As for Lucifer, however, I agree that that is a mostly accurate assessment. Though, I'm not sure it applies as much to Michael as humans and demons.

As to the first part, I'm not sure what exactly you mean by that. In this show, how the other characters feel about someone or something is often the main motivation of the show. For example, when Sam was killed in the first part of the season 2 finale, was that really about Sam being killed, or was it more about how Dean felt about Sam being killed? I would argue that it was the latter. So for me, how Sam - or in this case more Lucifer - felt about what Dean did was very relevant, because it dictated what Lucifer did which allowed for the rest of what happened to transpire (in my interpretation).
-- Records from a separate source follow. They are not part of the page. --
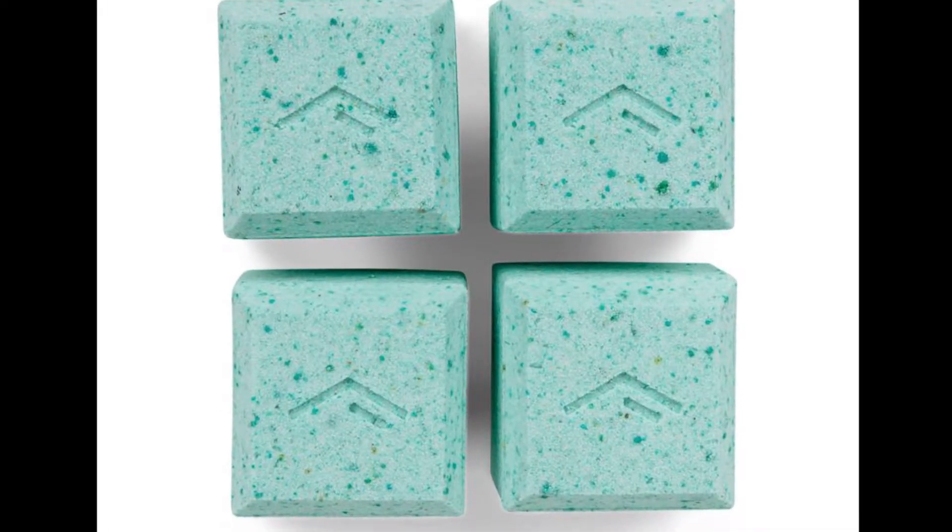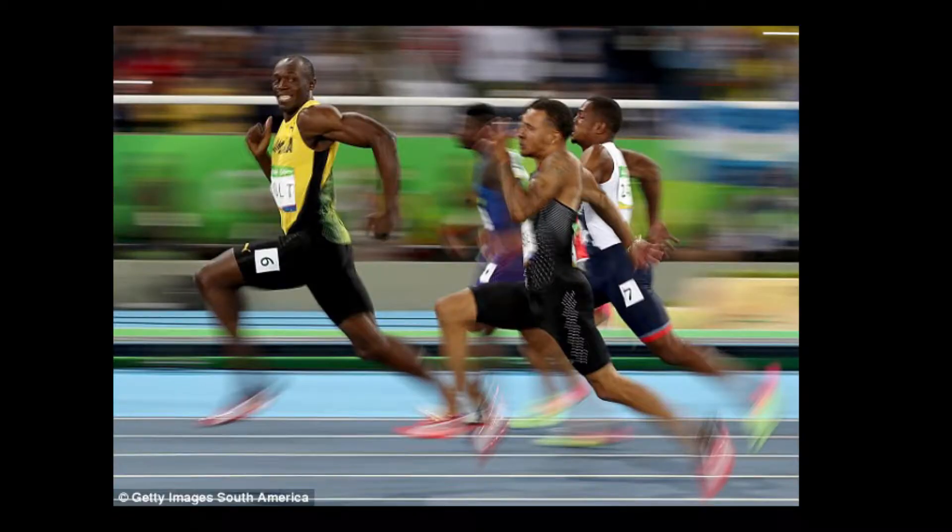Hi everyone, I'm here to review Amino Spa's cool and new innovative bath bomb. It's called Renewal and it's the first bath bomb in the world designed specifically for athletic performance.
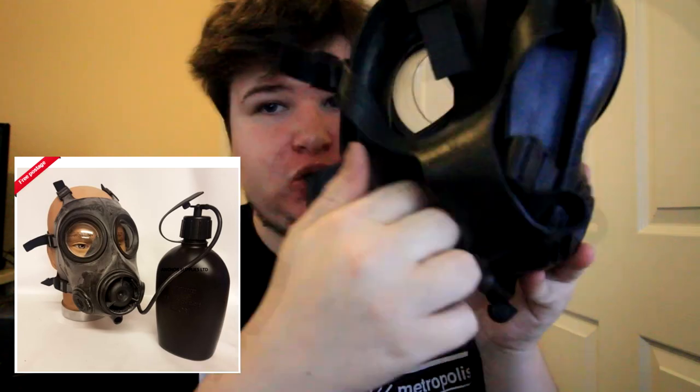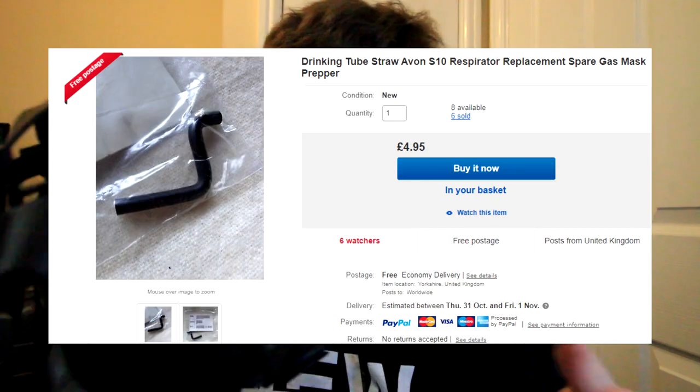The gas mask is amazing — Avon did a really good job making it. Here we have the exhalation valve, and we also have a drinking straw, though it's very tight because the mask hasn't been used in a long time. You basically attach it to a little bottle. It is a dual filter mask, so you can have one filter on each side. You can also pick up the XL valve and intake valve as spare parts.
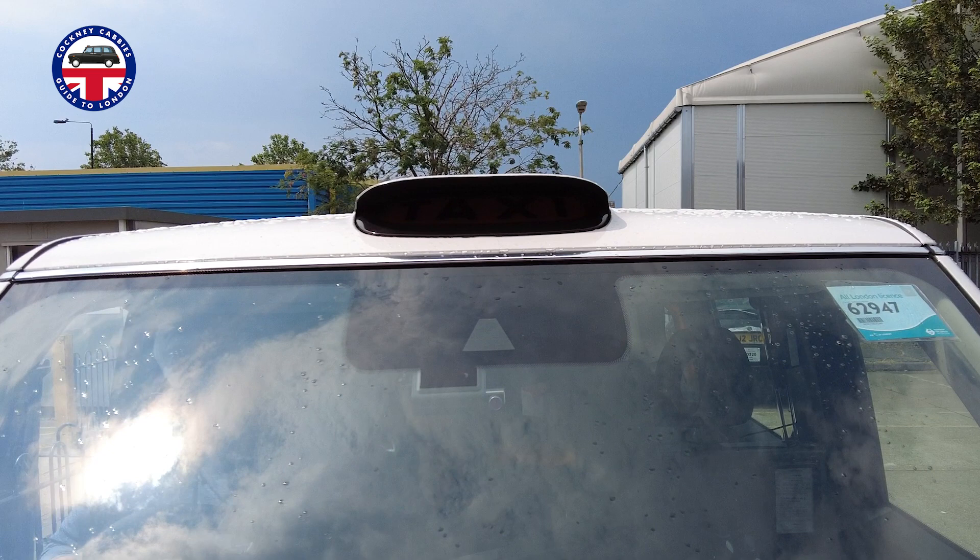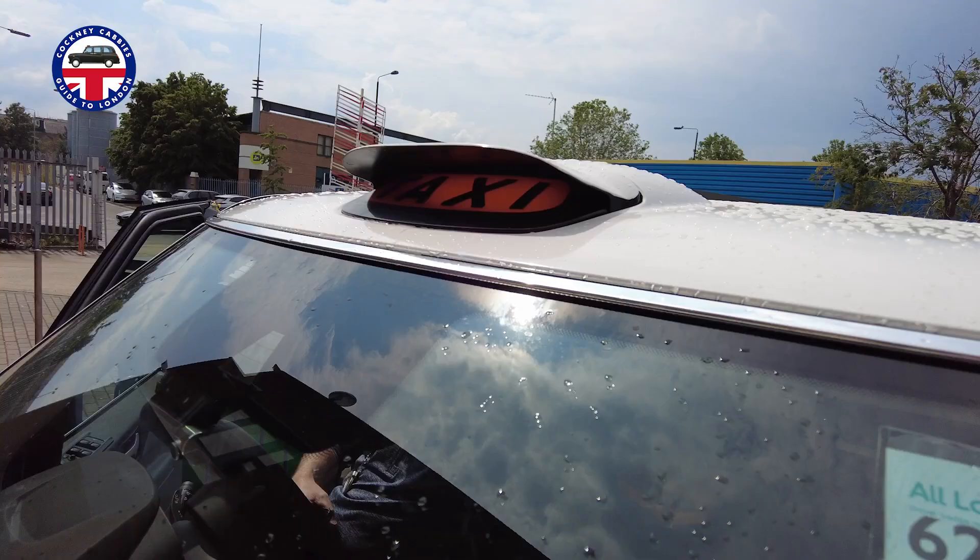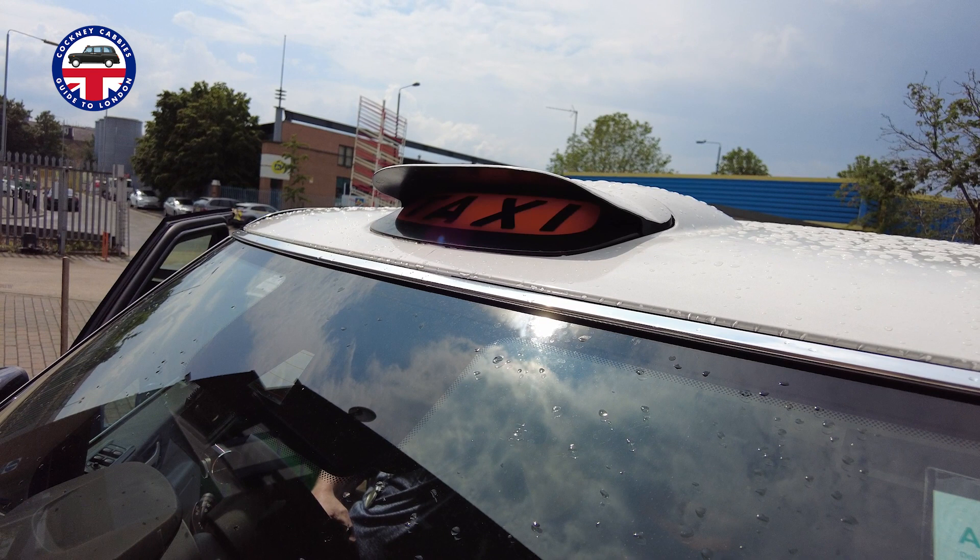So we're standing here by the side of a cab that's had it fitted. Apparently once you've had it fitted — once you've opted to have it fitted — it cannot be removed. So Steve, you've had the cap fitted over your hire sign. What's your first impressions on it?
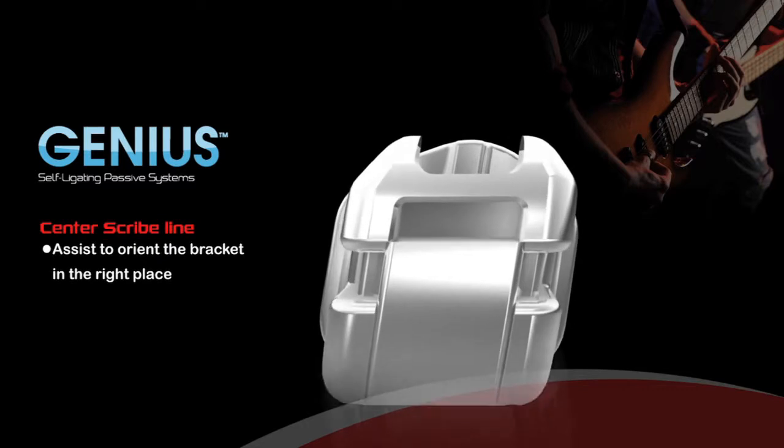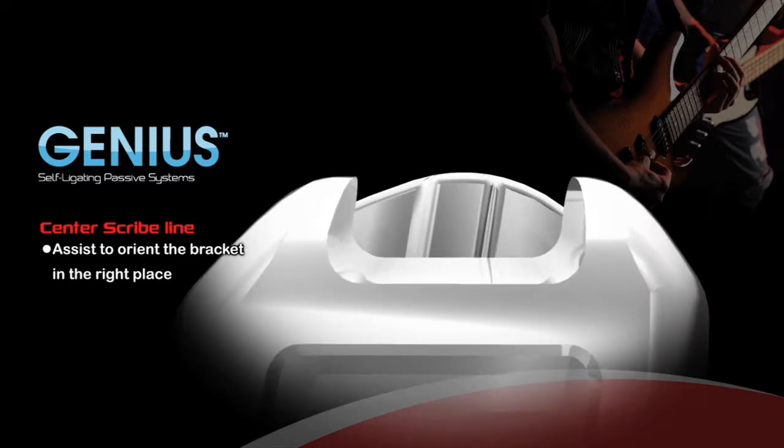Center Scribe Line: For proper bracket placement, Genius comes with a permanent center scribe line that provides a convenient reference for orthodontists to orient the bracket in the right place.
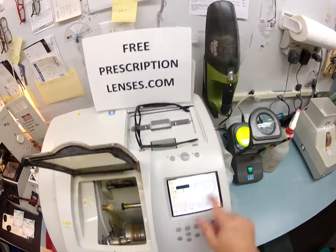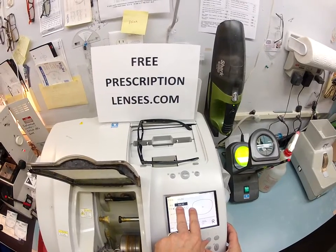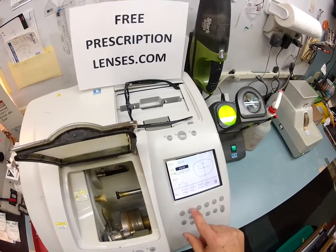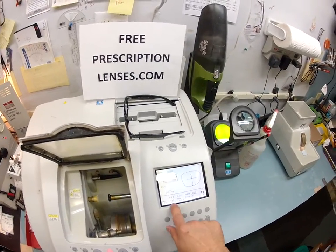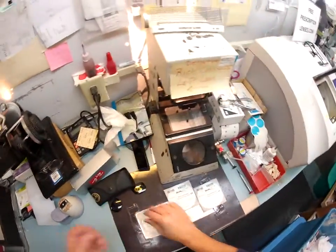So I pull up the shape of your frame. If this were a prescription, I'd put in your pupillary distance, but since it's not, I'm going to have the PD match the frame PD. This is a polycarbonate lens. I'm going to cut it on the soft cycle, and this is for a Zile frame, which is an old school name for plastic. Now most plastics are acetates.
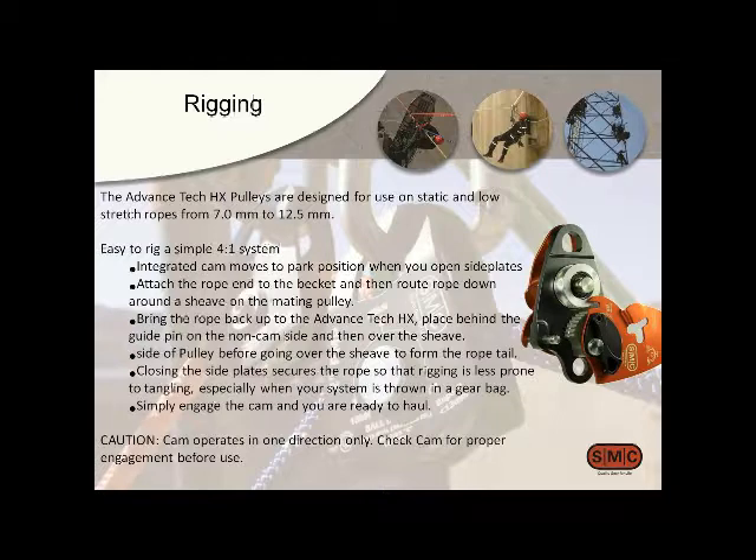The idea of this pulley set is small 4:1 systems that people use for everything from tie-backs to personal use — raising and lowering. Some people use them at the edge as extension systems or piggyback systems for hauling. This pulley will handle anywhere from 7 to 12.5 millimeter rope. The 12.5mm rope is pretty big for this, but it does perform all functions correctly. If you're going to use it on a 12.5, probably stick to something supple.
In my opinion, how people feel - motivation - is what gives a story some purpose. For example, a murder mystery where I don't know the motive behind the murder may be factually accurate and have action, but in my opinion it's much less satisfying, maybe even annoying. I want to know why someone is doing something, not just see them doing it. So taking that a step further, if for example we ultimately find out that the protagonist or antagonist of the hypothetical murder mystery killed the victim because the victim killed his/her entire family, then what the victim did and how he/she made the killer feel in my opinion is very important to what happened in the story. It might completely change the entire tone of the story. It might take the murder mystery from me wanting the killer to be caught to entirely hoping the killer gets away with it. And for me, that makes the person creating the feelings a crucial player in the action, since without those feeling being created, the story maybe wouldn't have gone in that direction.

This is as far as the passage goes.